Recently, learning object detectors with noisy data have gained a surge of interest, several approaches [1, 5, 25, 47] have made attempted to tackle noisy annotations. These approaches often assume that the noise occurs both on category labels and bounding box annotations, and devise a disentangled architecture to learn object detectors. Different from previous work, we focus on object detection with noisy bounding box annotations. The reasons are two-fold: i) due to the ambiguities of the objects [20] and the crowd-sourcing labeling process, box noise commonly exists in the real world; ii) object detection datasets [23] often involve object class verification, thus we consider noisy category labels are less severe than inaccurate bounding boxes.

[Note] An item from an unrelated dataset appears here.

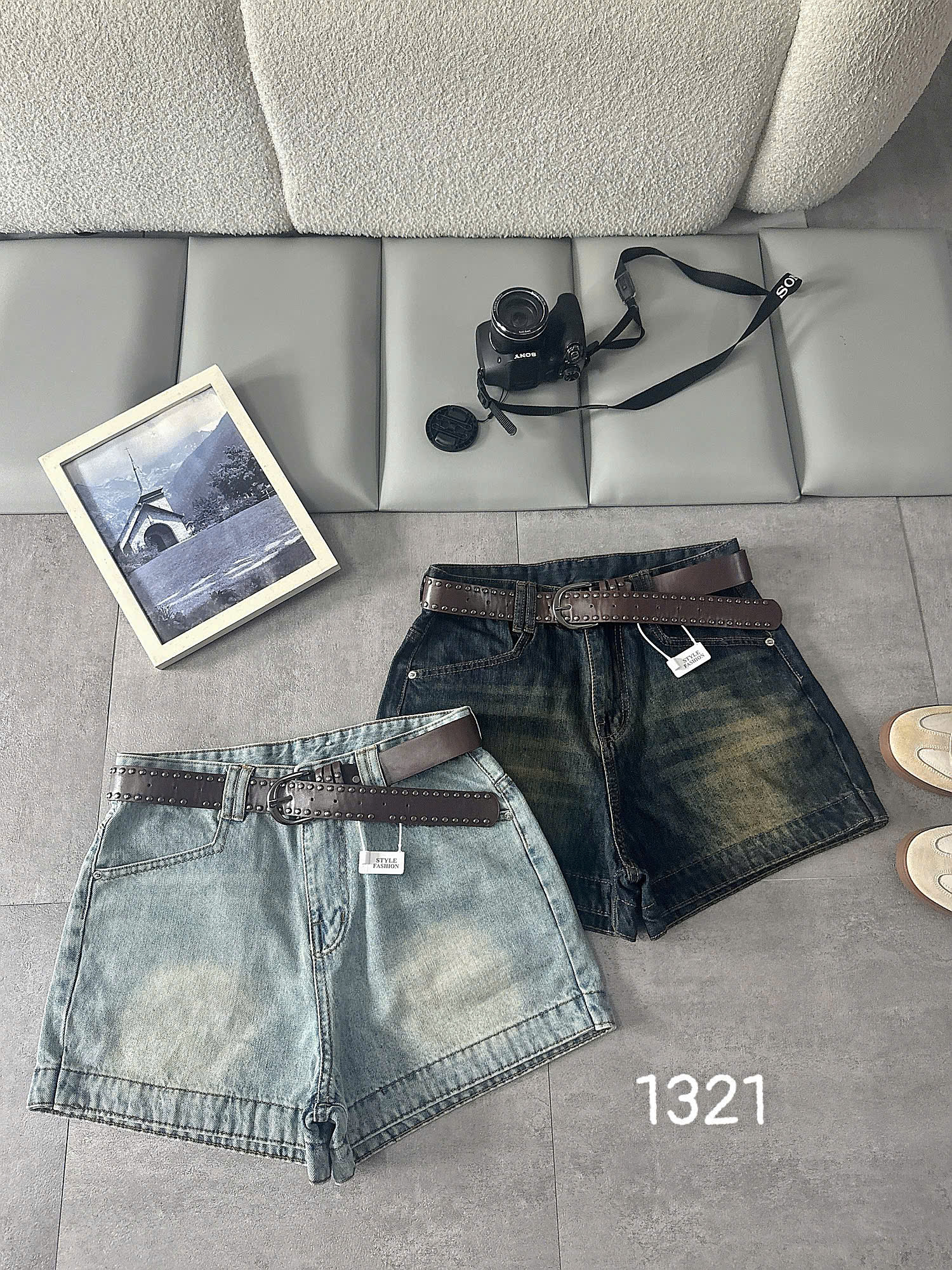 Mặt trước quần short jean bigsize T-QSJ1321 màu xanh jean nhạt và xanh jean đậm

Motivated by the observation that localization precision suffers significantly from inaccurate bounding boxes while classification accuracy is less affected (Fig. 2), we propose leveraging classification as a guidance signal for localization. Specifically, we present an Object-Aware Multiple Instance Learning approach by treating each object as a bag of instances, where the concept of the object bag is illustrated in Fig. 2. The idea is to select accurate instances from the object bags for training, instead of using inaccurate box annotations. Our approach is featured with object-aware instance selection and object-aware instance extension. The former is designed to select accurate instances and the latter to generate high-quality instances for selection. The optimization process involves jointly training the instance selector, the instance classifier, and the instance generator. To validate the effectiveness of our approach, we experiment on both synthetic noisy datasets (i.e., noisy PASCAL VOC 2007 [14] and MS-COCO [28]) and real noisy wheat head dataset [8, 9]. The main contributions are as follows:

  • We contribute a novel view for learning object detectors with inaccurate bounding boxes by treating an object as a bag of instances;

  • We present an Object-Aware Multiple Instance Learning approach, featured by object-aware instance selection and object-aware instance extension;

  • OA-MIL exhibits generality on off-the-shelf object detectors and obtains promising results on the synthetic and the real noisy datasets.

2 Related Work

Learning with Noisy Labels. Training accurate DNNs under noisy labels has been an active research area. A major line of research focuses on the classification task, and develops various techniques to deal with noisy labels, such as sample selection [18, 21], label correction [32, 37], and robust loss functions [16, 50]. Recently, much effort [1, 5, 25, 33, 47] has been devoted to the object detection task. Simon et al. [5] first investigate the impact of different types of label noise on object detection, and propose a per-object co-teaching method to alleviate the effect of noisy labels. On the other hand, Li et al. [25] propose a learning framework that alternately performs noise correction and model training to tackle noisy annotations, where the noisy annotations consist of noisy category labels and noisy bounding boxes. Xu et al. [47] further introduce a meta-learning based approach to tackle noisy labels by leveraging a few clean samples.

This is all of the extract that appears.